Kickin' it with Eugene A. Stratton and The Raymond Scott Quintette


My personal favorite for honing genealogical methodology is Eugene Stratton’s Applied Genealogy.  He has a chapter devoted to whole-family genealogy, another on analyzing evidence, indirect evidence, academia and genealogy and, for people like myself, he has a section in the appendix devoted to Medieval England Land Tenure.  I. love. this. book. It is a fun read and gets you fired up about research and analysis.

Pair that with the The Raymond Scott Quintette’s Microphone Music and you have yourself weekend plans. J This album inspires creativity and imagination, specifically “The Girl With The Light Blue Hair”  and “Powerhouse” to name a few from the album.
Applied Genealogy by Eugene A. Stratton

Microphone Music by The Raymond Scott Quintette

Wednesday, October 14, 2015

Kickin' it with Mastering Genealogical Proof and The Strokes


As a child of the 80s, I grew up on MTV (those early Van Halen videos with David Lee Roth are the best!!), She-Ra, Jem and the Holograms, and so, so much Nintendo. I credit the amount of Super Mario Bros. I played as the reason I am able to memorize and duplicate how I located a piece of evidence or tested a hypothesis while doing genealogical research.  The same part of my brain that I use for that, is what I would use to remember the route to eventually beat Bowser. I like Mastering Genealogical Proof (MGP) because when you pull back to review how Thomas W. Jones teaches us to understand and evaluate genealogical proof, it is a bit like Nintendo from the 80s where skill, memorization, theories, hypotheses and cyclical thinking is applied to eventually problem solve and form a conclusion.
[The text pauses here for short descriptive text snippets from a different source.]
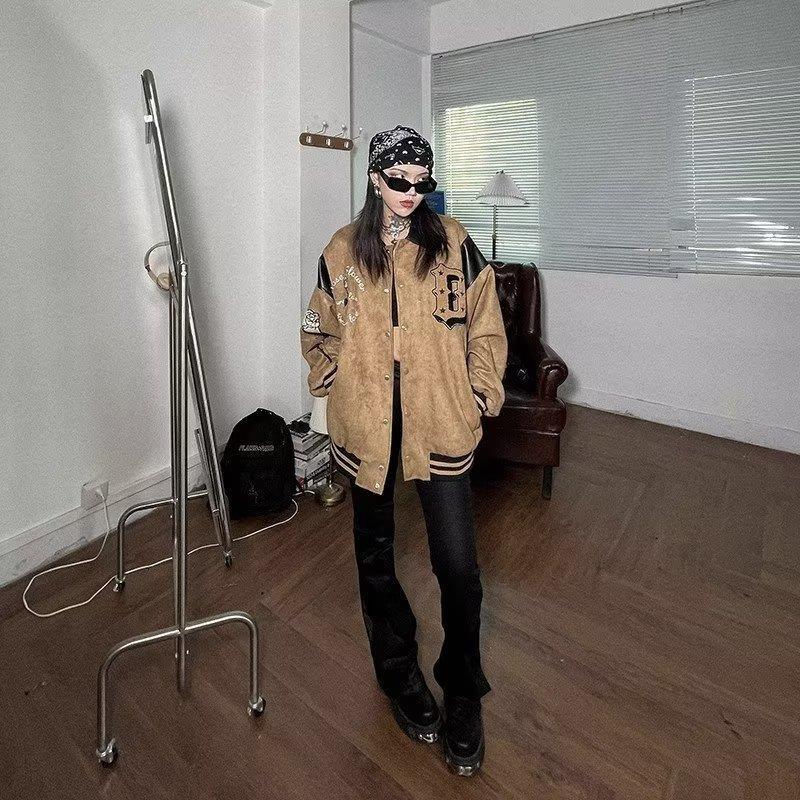 Vintage Suede Leather Splice Embroidery Loose Jacket - Image 8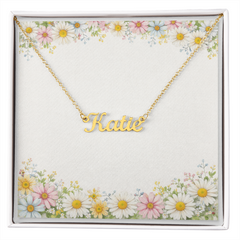 Plain Daisy Border - Personalised Name Necklace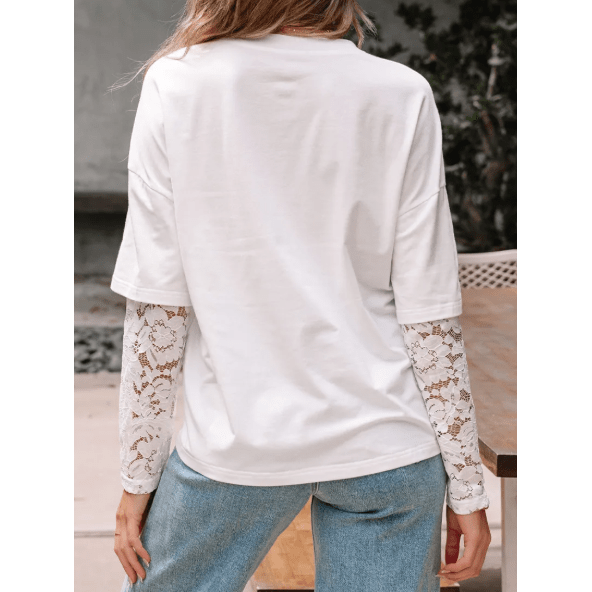 Roselle White Lace Long Sleeve Insert Drop Shoulder Tee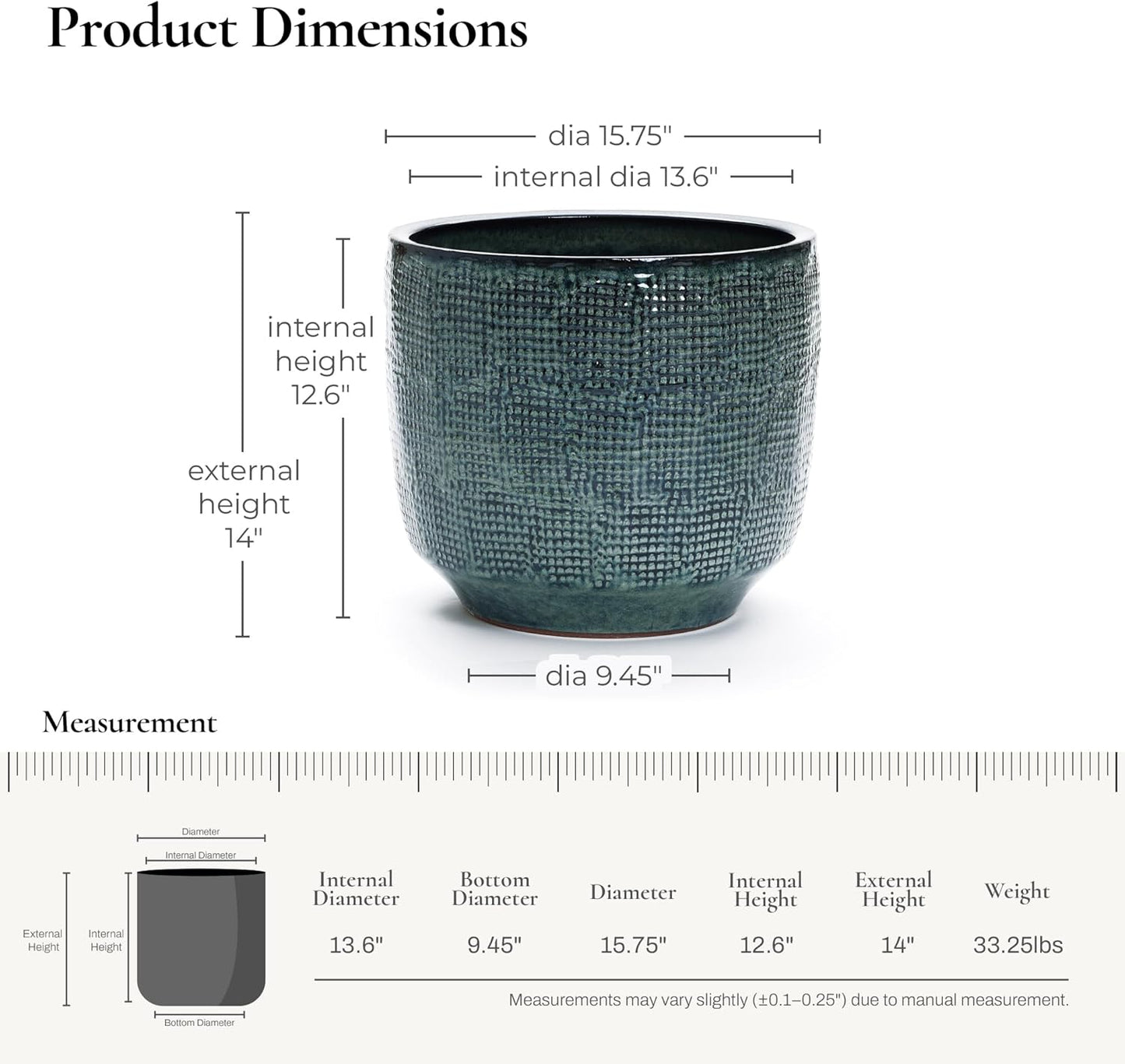 LuxenHome 15.75" Dia Large Ceramic Pots for Plants, Blue Glazed Planters for Outdoor Plants, Round Indoor Flower Pots with Drainage Hole and Rubber Plug for Home Garden Patio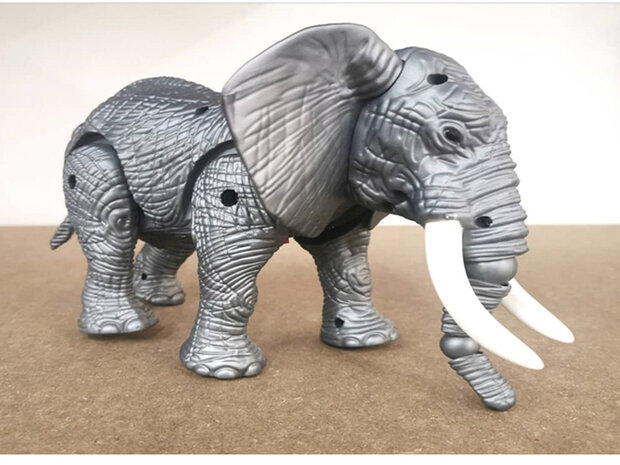Olifant speelgoed - kan lopen en olifanten geluid maken - bewegende staart  - interactieve speelgoed Elephant 27CM
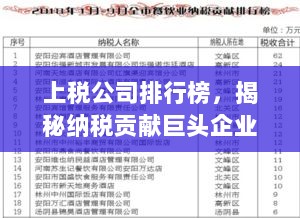 上税公司排行榜，揭秘纳税贡献巨头企业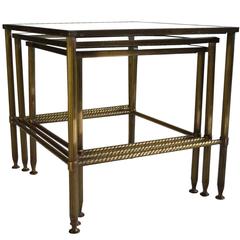 French Maison Jansen/Bagues Brass Nesting Tables, 1950s 12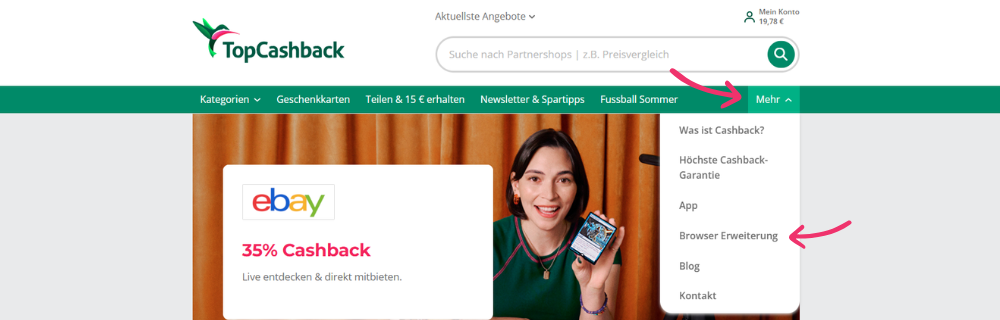 TopCashback-Website mit geöffnetem Menü und markierter Browser-Erweiterung.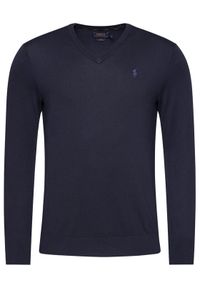 Polo Ralph Lauren Sweter Ls Sf Vn Pp 710670789004 Granatowy Slim Fit. Typ kołnierza: polo. Kolor: niebieski. Materiał: bawełna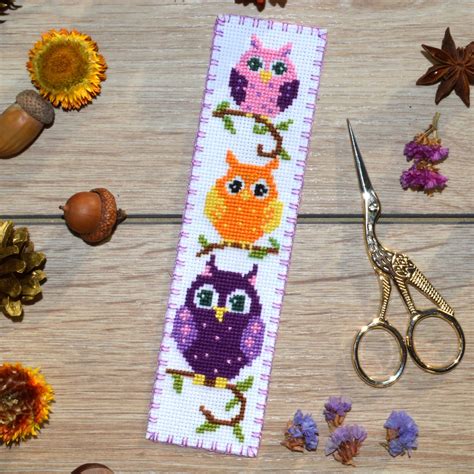 Get unlimited access to hundreds of free patterns. Cute owls cross stitch bookmark pattern, Birds embroidery ...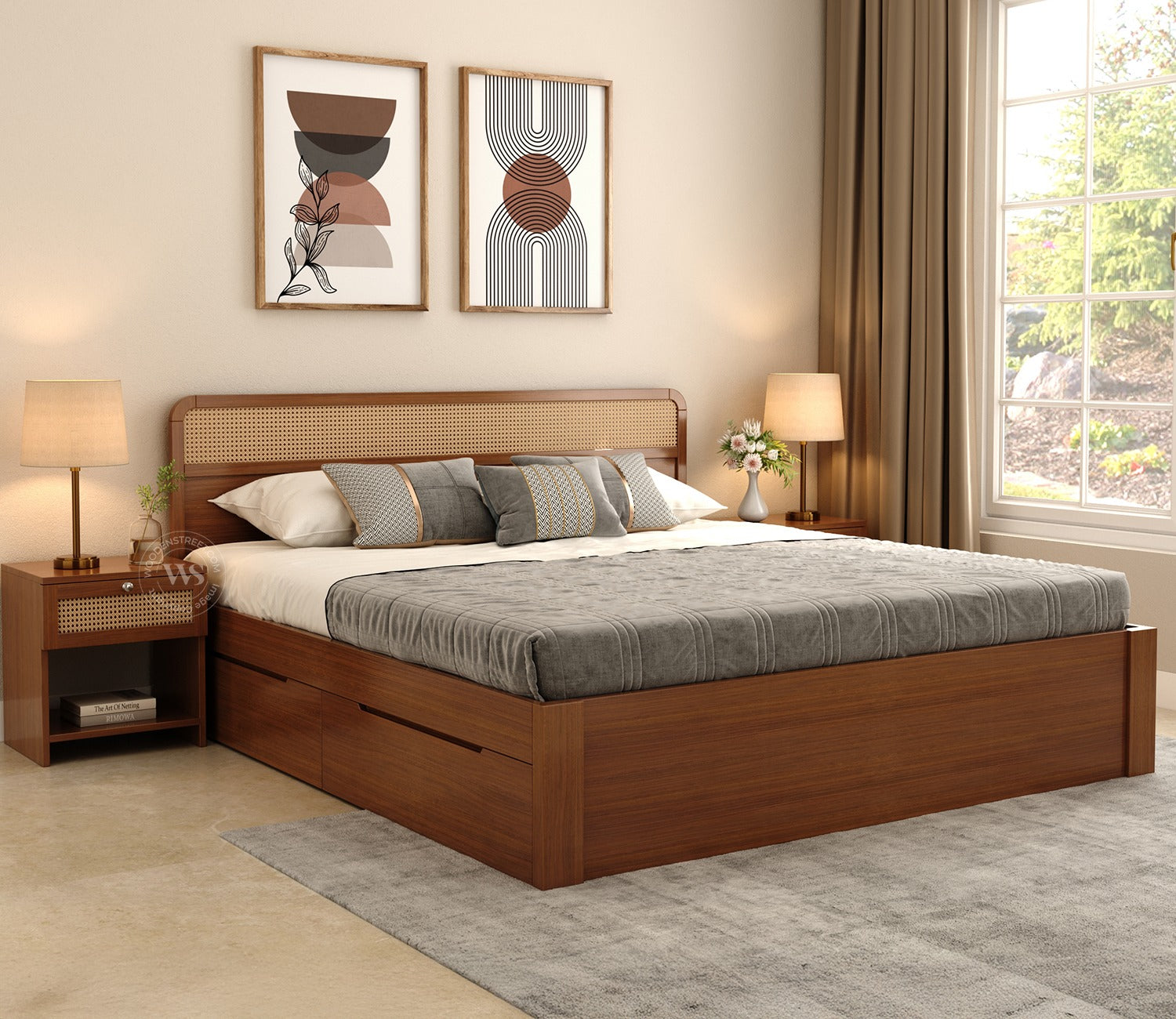 Balikos Ash Wood Bed with 4 Drawer Storage and Cane Detailing (King Size, Teak Finish)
It is a challenge. I did not read or study Mastering Genealogical Proof once: I read it multiple times, listened to it multiple times, and participated in a MGP study group and mentored a study group. I have a physical copy of the book where it is flagged, highlighted, and penciled in. I also have a Kindle version so that I can set it to read to me to have it in the background when I am in mood to have subliminal learning so that it becomes second nature.

And then The Stokes' album dropped the same time that MGP did! Comedown Machine, was released in 2013 (personally, I will listen to anything by Julian Casablancas) and this album is one of the best by The Strokes, just like MGP is one of the best albums of Jones.
Mastering Genealogical Proof, book format
Mastering Genealogical Proof, Kindle
The Strokes, Comedown Machine

Tuesday, October 6, 2015

Kickin' it with John Insley Coddington and Rachmaninoff's Rhapsody on a Theme by Paganini


Robert Charles Anderson does great interviews and tributes. Recently, he did one on long time editor of The American Genealogist, David L. Greene, but one of my favorite interviews of all time is his 1981 interview of John Insley Coddington that was published by the Association for the Promotion of Scholarship in Genealogy that same year. Coddington resided in Washington, D.C. for years and a few years ago, I took the time to see where he lived. It is a thin brick row house, nestled in a long line of other town houses of differing colors on Church street, not easily located if you try to find it off the circle in Dupont. It is a quiet street and I imagine it was perfect for writing, thinking and researching.

The interview is lovely and you see into the life of a formidable genealogist. His life and the pieces inspired in this publication go great with Rachmaninoff's "Rhapsody on a Theme by Paganini."

The 1934 version is available at Internet Archive: RACHMANINOFF Rhapsody On A Theme By Paganini and the publication, "A Tribute to John Insley Coddington," is available at The Genealogist back issues.